Al mismo tiempo, quizá sin proponérselo, Horowicz deja huellas para un revolucionario: Lenin está obsesionado en no dejar pasar el momento histórico; “escribe diariamente publicara o no” (Horowicz, 2024, 135) ¿Acaso no es esa la metodología y meta de quienes se asumen comunistas: hacer la revolución? y ¿se puede hacer la revolución solo con la consigna coyuntural? La ignorancia de Stalin -queda claro en el libro- mezclada con su sabiduría empírica, lo conduce a nunca ver la revolución, pero sí la oportunidad de ascender en la jungla burocrática. Stalin es un provinciano que busca conservar lo logrado o solo avanzar cuando no hay ningún riesgo. Lenin, como dice insistentemente Horowicz, tiene un mapa bien claro -y amplio- de la realidad política, pero sabe que puede ser fusilado.

He aquí otro mérito del libro, más allá de los análisis sobre los puntos débiles de Trotsky entre 1903 y 1917, Horowicz nos recuerda que Trotsky cumplió un rol fundamental, no solo dirigiendo la toma de Petrogrado, para que la propuesta insurreccional de Lenin fuera aceptada en el Partido Bolchevique. Horowicz nos recuerda que Zinoviev y Kámenev, así como Stalin -y la mayoría de la dirección bolchevique- se oponían timoratamente a la insurrección. Lenin estaba en minoría y solo con la entrada de Trotsky y su grupo se logró avanzar hacia la toma del Palacio de Invierno. Apunta Horowicz: “Es posible organizar dos bandos frente a Octubre: los arrastrados por Lenin y Trotsky, en compañía de millares de militantes decididamente revolucionarios; y los que se dejaron arrastrar ofreciendo más o menos resistencia”. (Horowicz, 2024, 268). Es decir, sin Trotsky, la Revolución de Octubre quizá hubiera sido en enero, y al pasar el momento histórico, derrotada por algún Kornílov. Este punto de inflexión en la historia -y también en el libro- apuntala algo en lo que el autor insiste durante todo el texto: “si el leninismo queda reducido al perfecto acuerdo con Lenin, directamente no existe” (Horowicz, 2024, 78).  
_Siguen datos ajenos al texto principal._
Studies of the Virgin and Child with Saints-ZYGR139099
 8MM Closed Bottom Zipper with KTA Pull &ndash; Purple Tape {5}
Sin embargo, al mismo tiempo funciona como vaso comunicante hacia otro aspecto en el cual se detiene Horowicz: ni para Stalin, ni para buena parte de la dirección bolchevique, la decisión fundamental de Trotsky en el triunfo de la revolución borrará su pasado fuera del bolchevismo. No solo estuvo los primeros catorce años del bolchevismo fuera, sino que precisamente rompe con Lenin cuando nace la fracción bolchevique. Al respecto, Horowicz insiste: el Trotsky del último exilio no logra explicar su división con Lenin. Siendo perseguido por Stalin, a Trotsky no le es conveniente detenerse en las diferencias con el máximo líder de la Revolución bolchevique. Ya basta con la maquinaria estalinista en su contra como para intentar explicar un largo periodo complicado, en el cual, aunque nunca fue menchevique, estuvo cercano a la fracción conducida por Mártov. 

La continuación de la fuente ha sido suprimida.